## Task prompt
Only the lines from the one with "gapejak, wholesome soyjak, closed" to the end of the listing below should be set down, exactly as written and without any pictures.

## Data provided

====

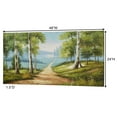 thumbnail image 3 of Afternoon Solitude Secluded Path Scenic Handpainted Oil on Canvas Wall Art Green, Blue and Tan 48"Wx24"H, 3 of 5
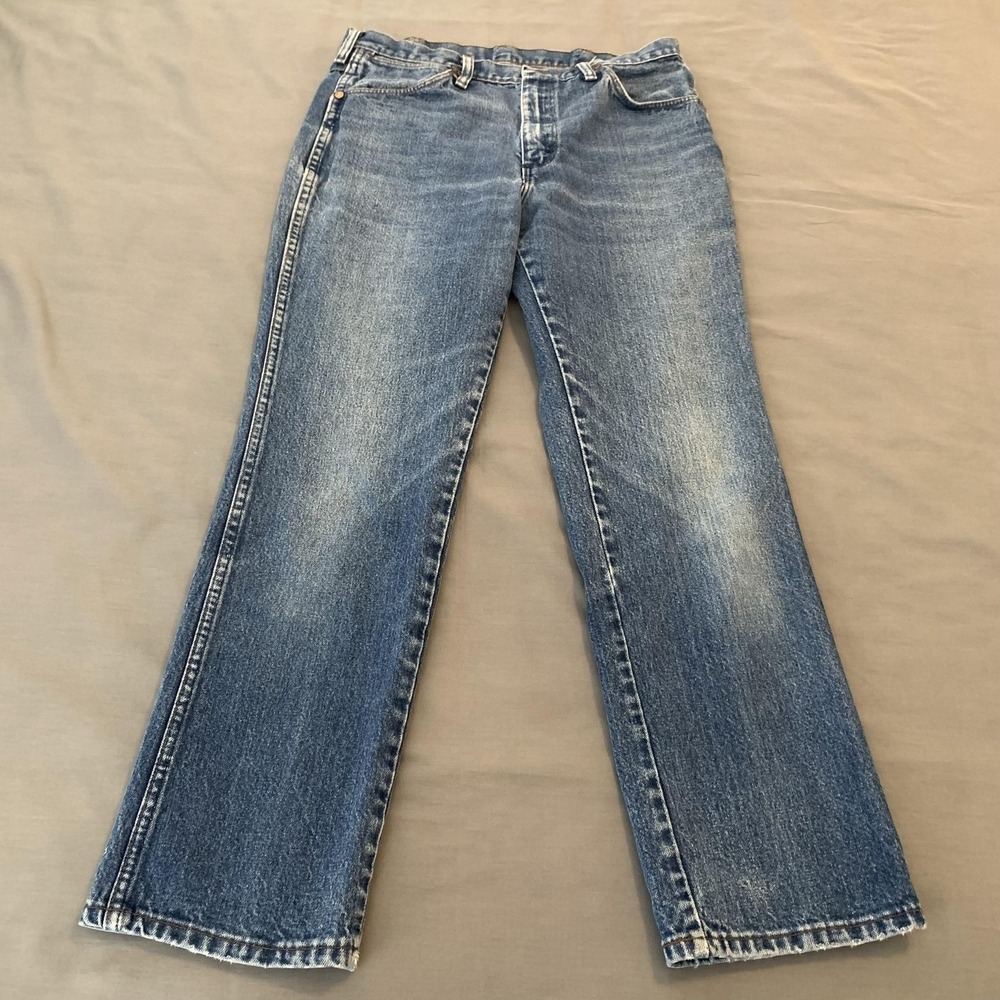 Vintage Wrangler 936DEN Jeans Mens 34x30 Blue Med.  Wash Slim Straight Denim USA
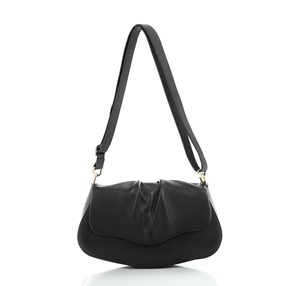 Metropolitan Fab μεσαία μαύρη δερμάτινη τσάντα χιαστί-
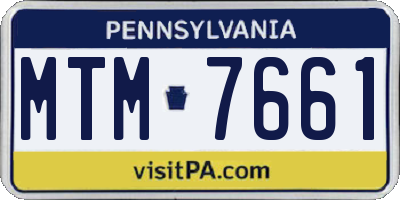 PA license plate MTM7661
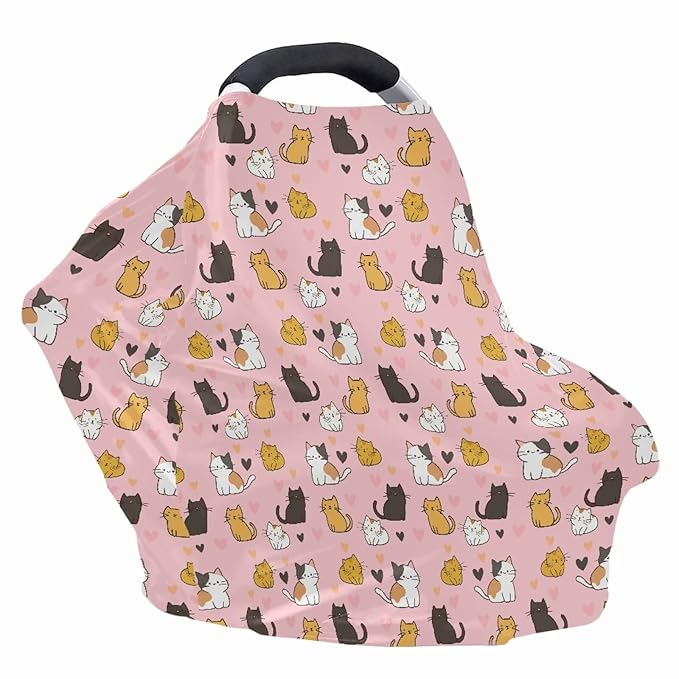 Binienty Baby Car Seat Covers - Cartoon Kitten Infant Carseat Canopy Multi-use Stretch Nursing Cover for Breastfeeding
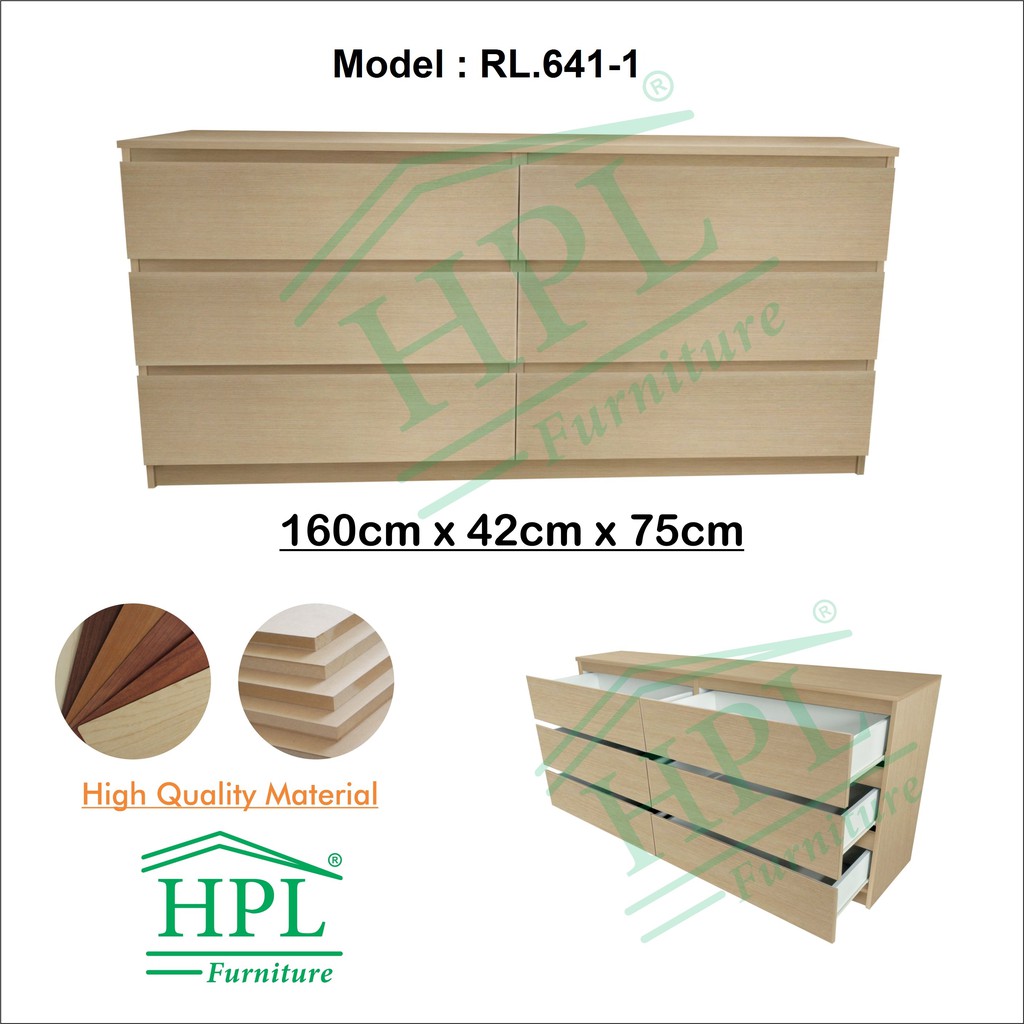 HOMKING Drawer Rak Laci 6 Susun HPL Coklat Muda Motif Kayu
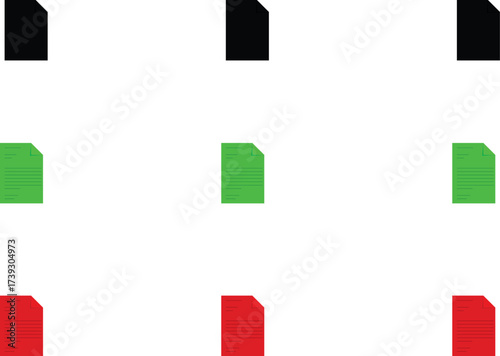 Set of 9 document icons with clean outlines, great for files, reports, education, business, and productivity themes.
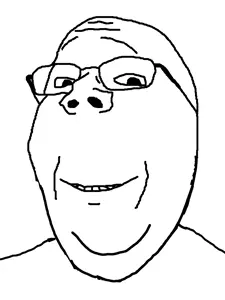 gapejak, wholesome soyjak, closed mouth, glasses, looking at you, shaved, smile, soyjak, teeth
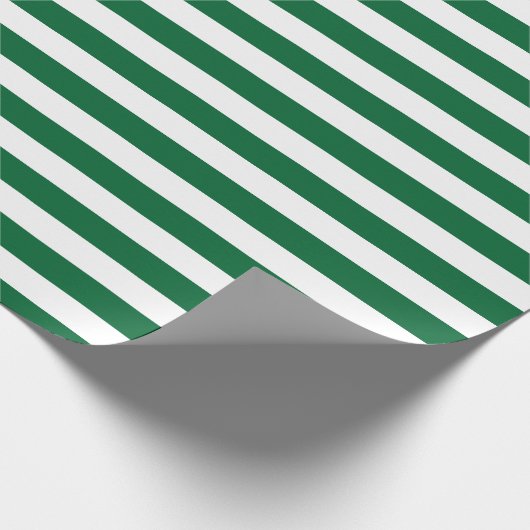 Hunter Green en White Stripes Pattern Cadeaupapier (Hoek)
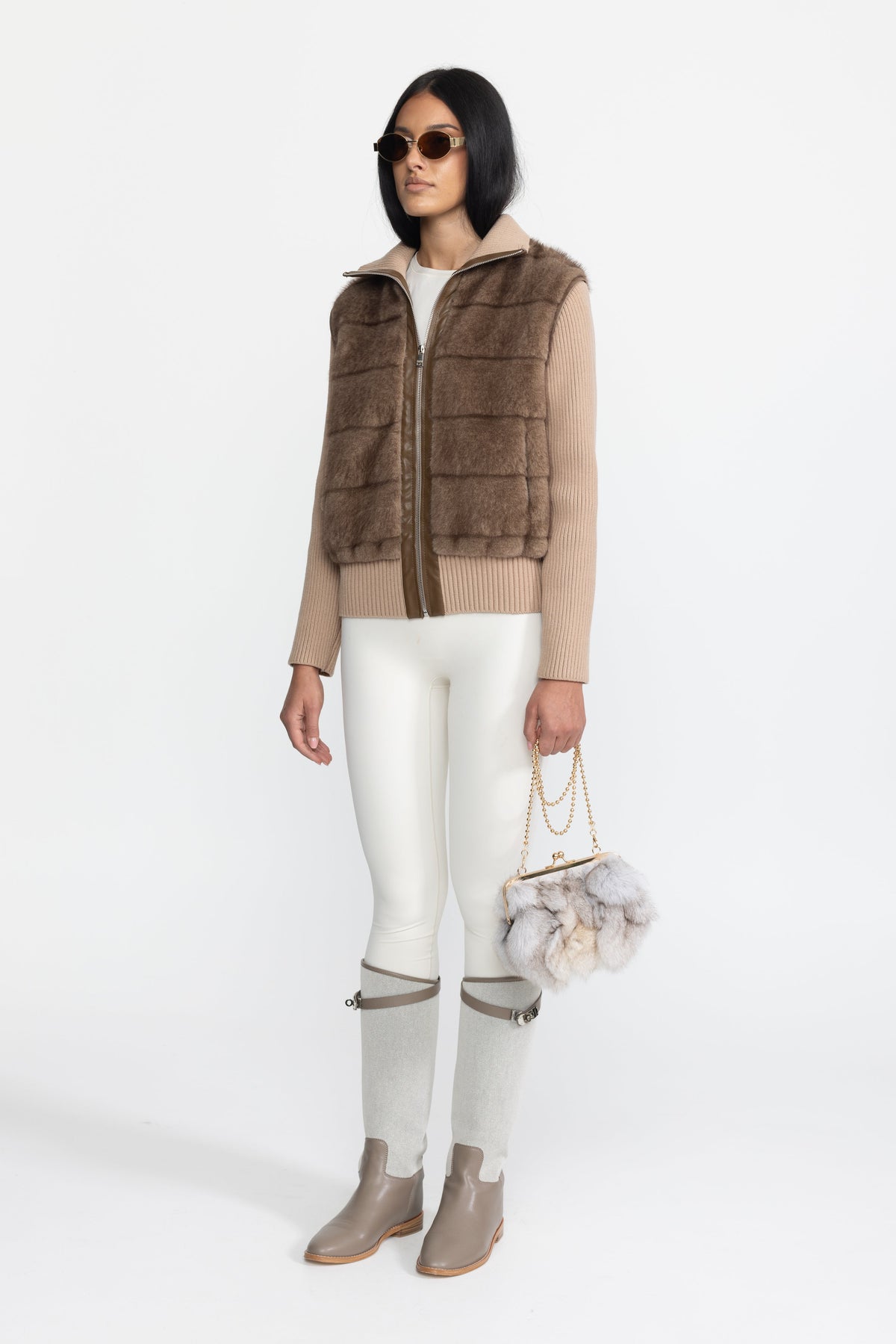 Calixte Mocha Plush Panel Knit Sleeve Zip Jacket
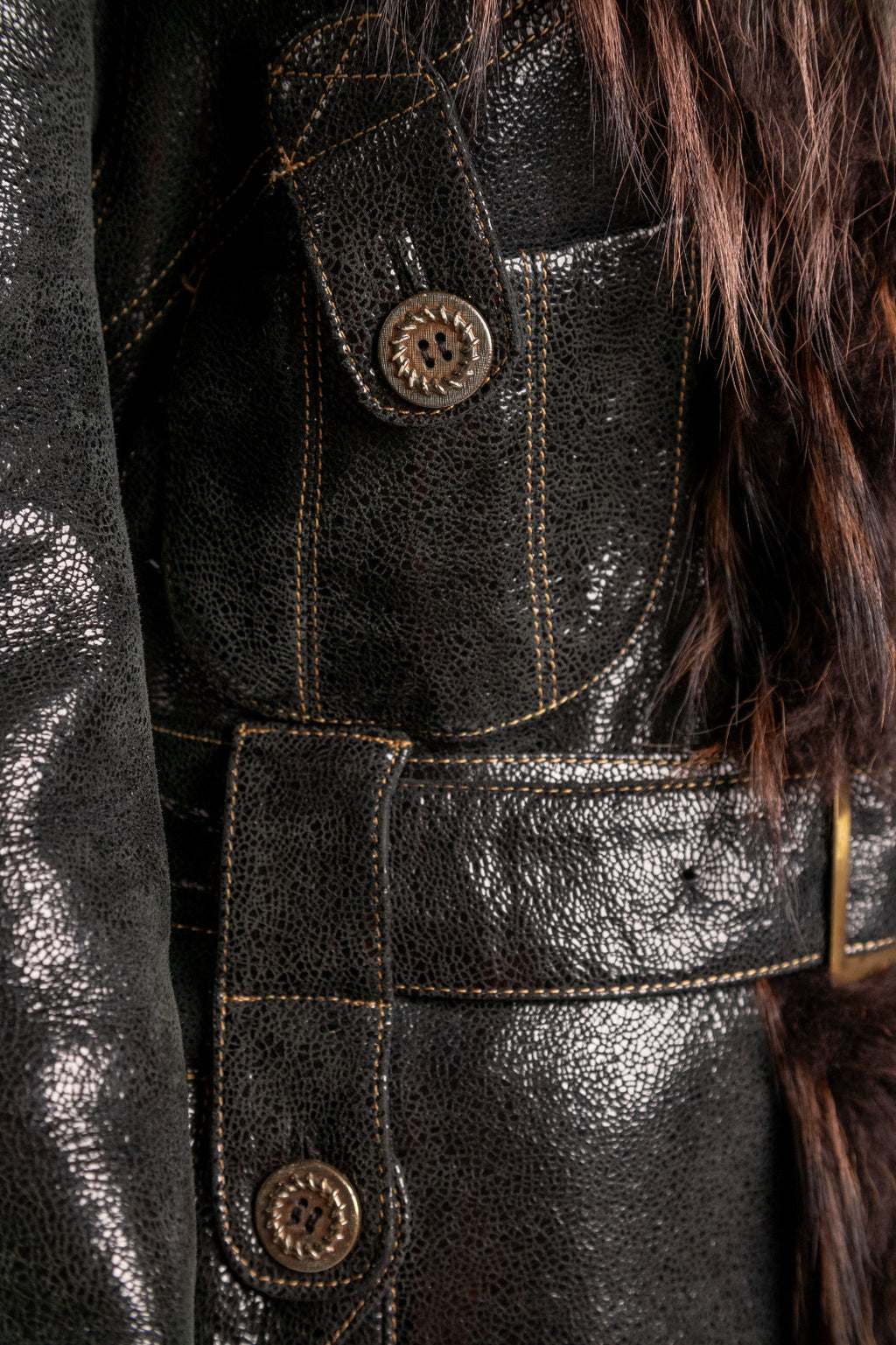 Penny Lane Belted Sheepskin Shearling Coat Size L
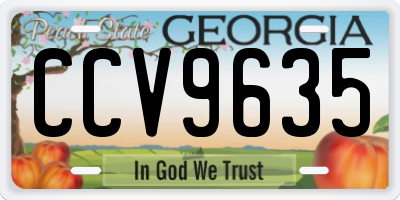 GA license plate CCV9635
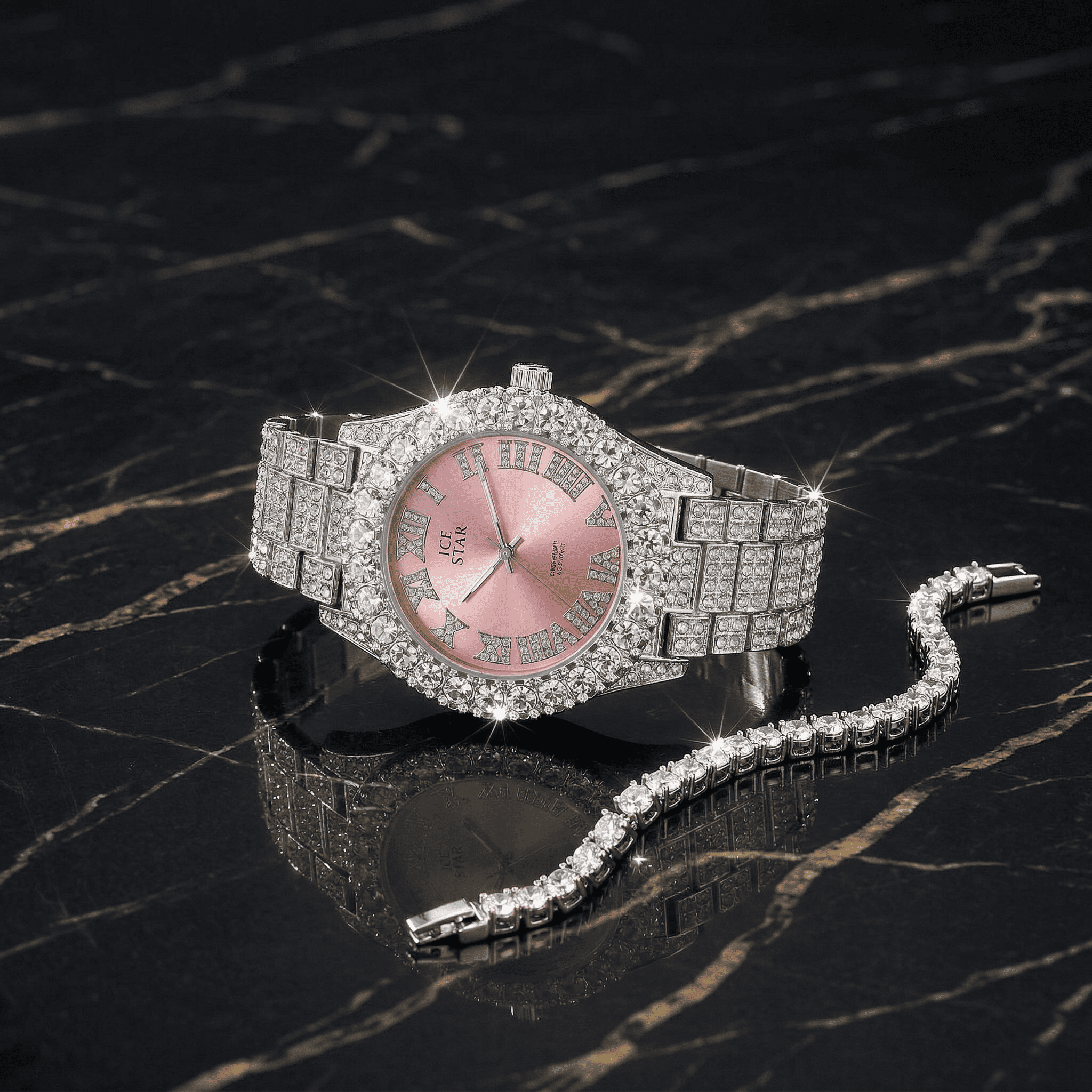 Women's 44mm Iced Out Solitaire Bezel Watch & Tennis Bracelet Set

====

## Response
 gapejak, wholesome soyjak, closed mouth, glasses, looking at you, shaved, smile, soyjak, teeth
 Hunter Green en White Stripes Pattern Cadeaupapier (Hoek)
 Calixte Mocha Plush Panel Knit Sleeve Zip Jacket
 Penny Lane Belted Sheepskin Shearling Coat Size L
 GA license plate CCV9635
 Women's 44mm Iced Out Solitaire Bezel Watch & Tennis Bracelet Set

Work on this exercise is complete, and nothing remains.